Getting out of a toxic relationship
By C.D. (Kenya)
A rebellious marriage is how it started, as running away is what I knew best. Little did I know that the grass is greener scenario would be a huge nightmare.
I was in my early twenties when it started, and it continued through the decade. There was physical abuse, dominance, emotional abuse, financial despair, alcoholism, and infidelity. All in 8 years.
For 7.5 years of those 8, I just endured, losing almost everything as a consequence. Self-worth being the most critical.
There was a moment in the last six months when he got me arrested from, unbeknownst to me, not paying past traffic tickets and registering my license plate. So 13 hours in jail. A low moment. At one point, I got on my knees, despite not believing in anything higher anymore, and I really prayed. I promised that if I got out of that cell, I would get the courage to leave. Then there was the catalyst: a girl from my past who wanted to take my marriage. That made me open my eyes, and suddenly, I got an incredible amount of power that I had not ever had. I spoke up and left my toxic relationship.
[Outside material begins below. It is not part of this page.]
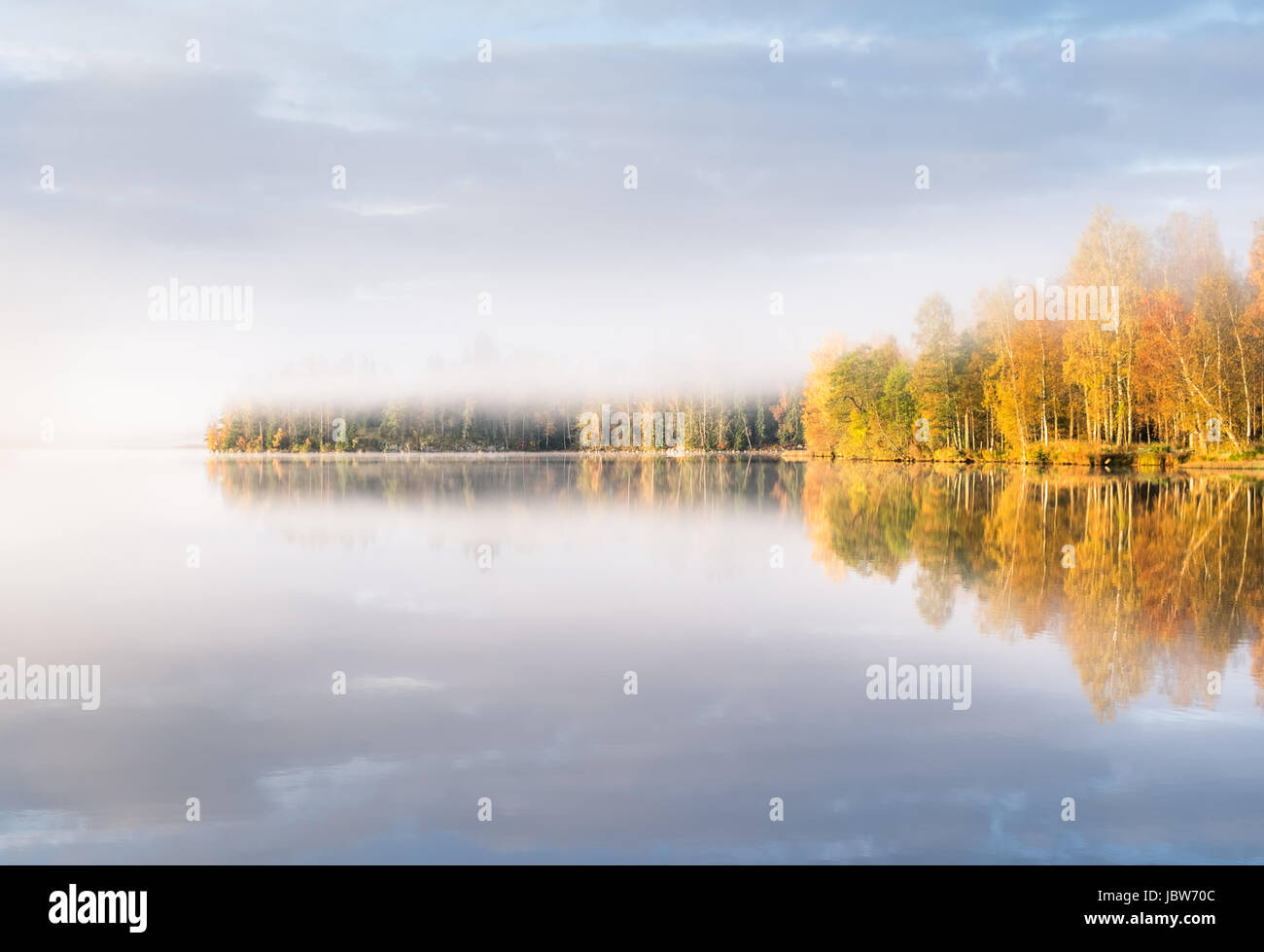 Scenic landscape with lake and fall colors at morning light Stock Photo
After five years of breaking down, therapy, treatment, I started getting myself back and healing. The most impactful was the three years of pranic healing, where my therapist cleaned and aligned my chakras. The other thing that really helped was rewriting my life story with forgiveness. I was holding onto so much guilt and shame…once I realised that it wasn’t my fault and that I had been the victim, healing began in full force. This was an ugly, on the floor, in the hospital five years…but it enabled me to heal, get stronger and create the best version of me.
14 years on, I am the strongest, must confident version of myself. I am happily married for 7 years now with a beautiful son. I take nothing for granted. I avoid triggers and toxicity at all costs and most importantly, I practice self-love. What I learned: don’t give up, don’t lose hope, and that every bad situation no matter how bad, can end if you choose it to.